Shiller responded by developing the Excess CAPE yield (ECY) as an alternative measure which includes rates in the calculation. The ECY takes the inverse of the CAPE to get an earnings yield and then subtracts the real bond yield. So, for example, the US CAPE yield stands at about 31.6 today (based on an S&P500 level of 4000) and using the last 10 years of earnings. Take the inverse and we get an earnings yield of 3.2%. With the last 10 years of CPI inflation averaging 2.3% and 10-year bond yields of 2.9% we get a real yield of 0.6%. We subtract that from the earning yield to give an ECY of 2.6%.
Now compare with end-2021. At end-2021 the US CAPE was at 38.3, giving an earnings yield of 2.6%. But the 10-year bond yield was only 1.5% and average inflation in the prior 10 years was 2.1%. (Recent very high inflation has been enough to move the dial on this long-term average in just a few months). So at that time the real bond yield was -0.6% giving an ECY of 3.2%. Higher means cheaper for the ECY (the opposite of the CAPE ratio). So, the ECY has gone down, meaning stocks are more expensive.
Note that Shiller uses historical inflation to calculate the real yield because he wants a consistent approach over his 140-year data set (see Shiller website). But we can also consider the real yield on inflation-indexed bonds (TIPS). It turns out that this has also moved up 1.2% over the same period this year, though the levels are slightly different (-1% to 0.2%).

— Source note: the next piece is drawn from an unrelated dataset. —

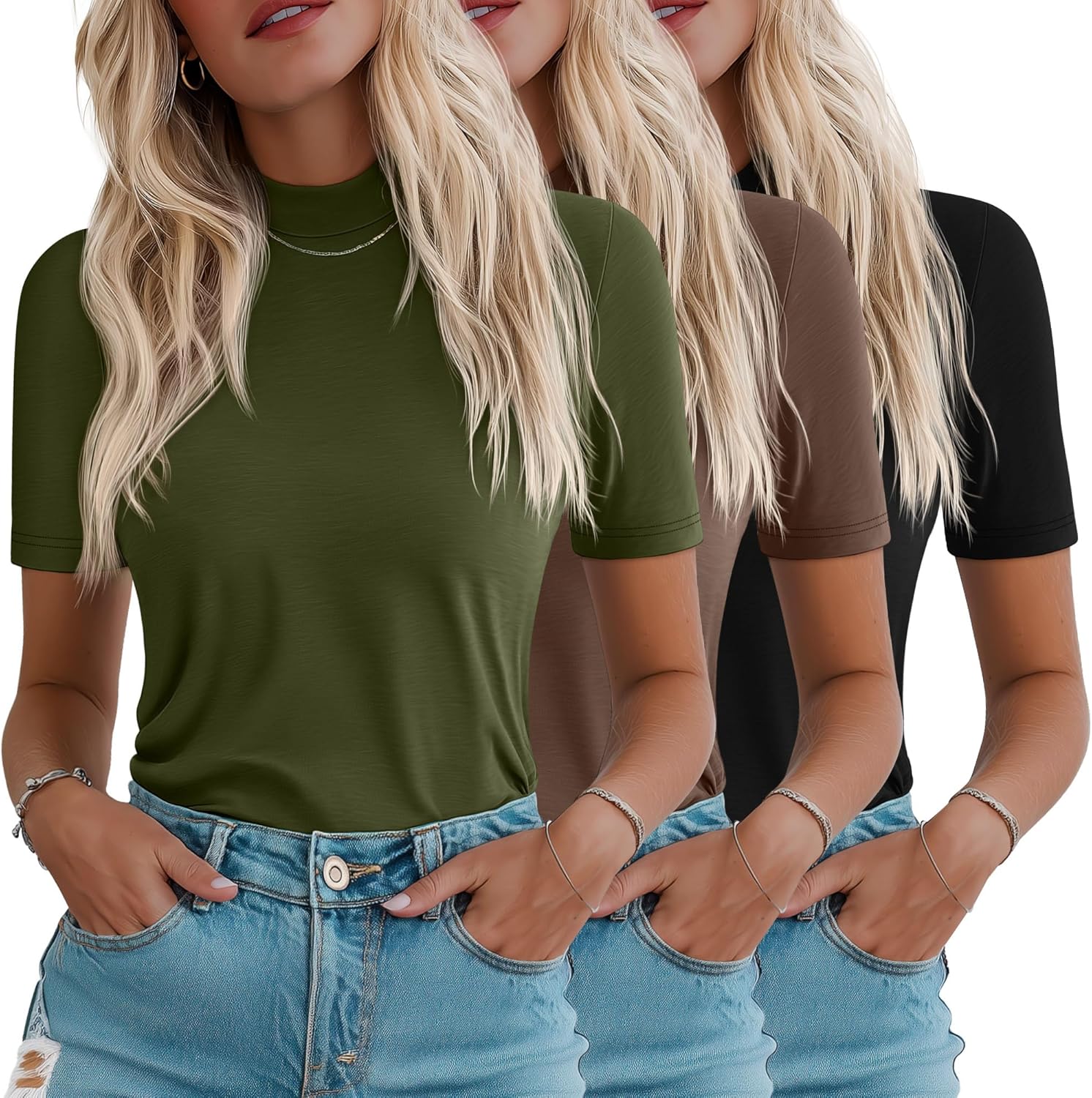 Ficerd 3 Pack Women's 1/2 Sleeve Mock Turtleneck Shirts, Elbow Length Shirt Half Sleeve Tunic Top Casual Summer Basic Tees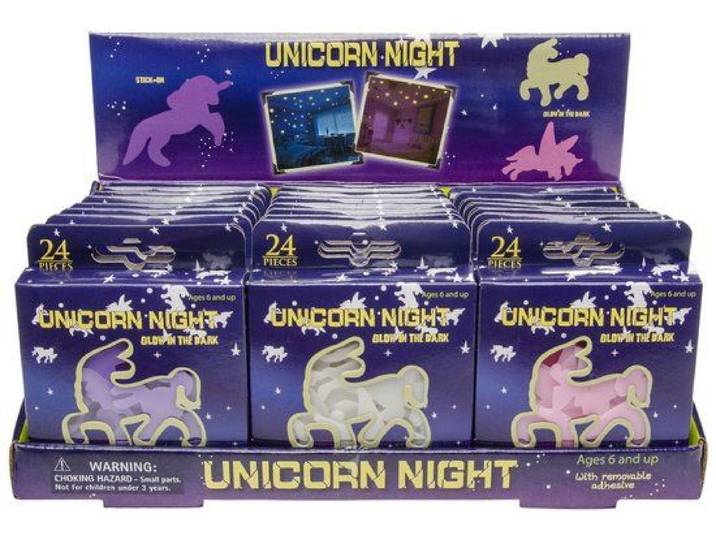 Glow in the dark Unicorn - 9x9x2cm - Assorti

Either way then the ECY shows stocks becoming more expensive this year.
Now some good news
The good news is that, although the ECY shows stocks becoming more expensive they are not nearly as expensive as at past market peaks such as 1929 or 2000 or even the mid-to-late 1960s when the ECY fell to zero or below. Nor, at 2.6% is today’s ECY as expensive as in 2018 when it fell to 1.6%. So the bottom line is that stocks have indeed become more expensive relative to bonds this year but nevertheless are not wildly expensive compared with history.